Il soutient que les moyens soulevés par M. C... ne sont pas fondés.
Par une ordonnance du 3 février 2022, la clôture d'instruction a été fixée au 4 mars 2022.
Par une communication en date du 24 novembre 2022, les parties ont été informées, en application des dispositions de l'article R. 611-7 du code de justice administrative, de ce que l'arrêt à intervenir est susceptible d'être fondé sur un moyen relevé d'office, tiré de l'irrecevabilité de la demande de M. C... tendant à la décharge de la cotisation primitive d'impôt sur le revenu, d'un montant de 37 083 euros, mise en recouvrement le 31 juillet 2013, au regard des dispositions de l'article R. 196-1 du livre des procédures fiscales.
Le 24 novembre 2022, M. C..., représenté par Me Van den Schrieck, a produit des observations en réponse à cette communication.

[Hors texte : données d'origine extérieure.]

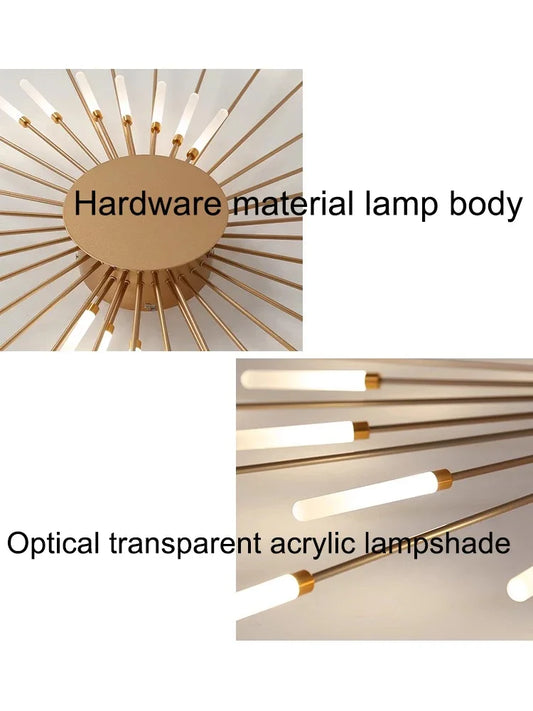 Nordic Minimalist LED Ceiling Lamp 20 Lights Matte Gold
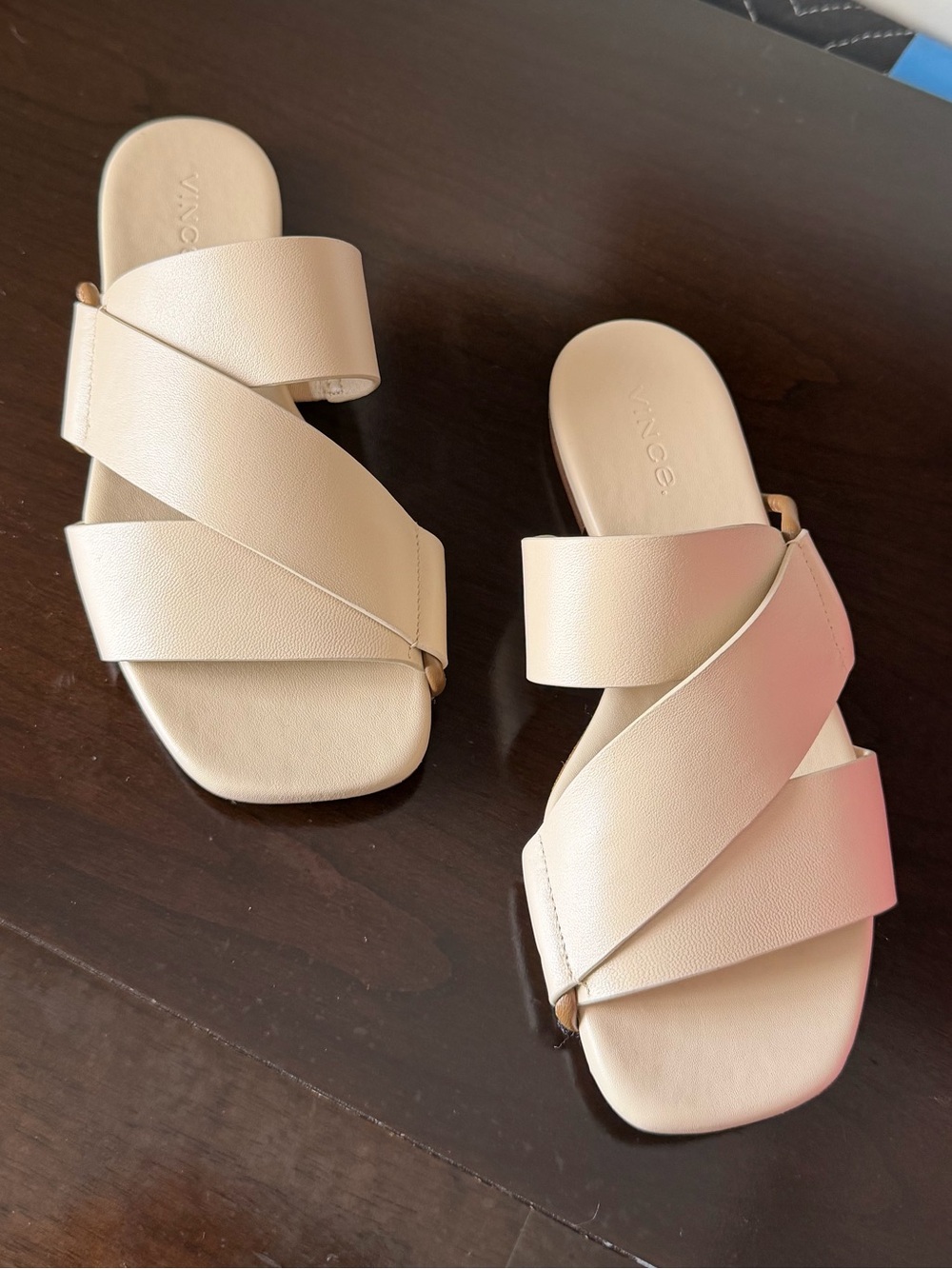 Vince Dylan flat leather Slide Sandals with Crisscross Straps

Vu les autres pièces du dossier.
Vu :
- le code général des impôts et le livre des procédures fiscales ;
- le code de justice administrative.
Les parties ont été régulièrement averties du jour de l'audience.
Ont été entendus au cours de l'audience publique :
- le rapport de M. Sauveplane, président assesseur,
- les conclusions de M. Arruebo-Mannier, rapporteur public,
- et les observations de Me Van den Schrieck, avocat de M. C....
Considérant ce qui suit :
1. M. C... exerce à titre individuel une activité de négoce de pièces automobiles pour véhicules de particuliers. Il a régulièrement déclaré le résultat de cette activité pour l'exercice 2012 et a été assujetti, conformément à ses écritures, à une cotisation primitive d'impôt sur le revenu, d'un montant de 37 083 euros, mise en recouvrement le 31 juillet 2013. Par ailleurs, l'activité exercée par M. C... a fait l'objet d'une vérification de comptabilité portant sur les exercices 2012 à 2014 au cours de laquelle le vérificateur a constaté que les écritures comptables d'achat de biens et de services ne correspondaient à aucune opération réelle mais avaient permis au comptable de l'entreprise de masquer les détournements de fonds opérés par lui au détriment de l'entreprise. Le vérificateur, après avoir rejeté la comptabilité comme non probante, a rappelé la taxe sur la valeur ajoutée déductible correspondant aux enregistrements comptables de charges sans contrepartie réelle et réintégré ces mêmes charges dans les bénéfices imposables de l'entreprise exploitée par M. C.... En conséquence, l'administration a rehaussé le bénéfice imposable de l'exercice 2012 et a assujetti M. et Mme C... à une cotisation supplémentaire d'impôt sur le revenu au titre de l'année 2012 en suivant la procédure de redressement contradictoire. Cette cotisation supplémentaire d'impôt sur le revenu a été mise en recouvrement le 31 mars 2018, pour un montant de 27 102 euros en droits. Par une réclamation du 5 avril 2018, M. et Mme C... ont sollicité le dégrèvement de la cotisation primitive et de la cotisation supplémentaire d'impôt sur le revenu auxquelles ils ont été assujettis au titre de l'année 2012, ainsi que des pénalités correspondantes. M. C... relève appel du jugement du 11 juin 2021 par lequel le tribunal administratif de Lille, après avoir prononcé un non-lieu à statuer à concurrence du dégrèvement accordé par l'administration en cours d'instance, a rejeté les conclusions de cette demande tendant à la décharge des impositions maintenues à leur charge.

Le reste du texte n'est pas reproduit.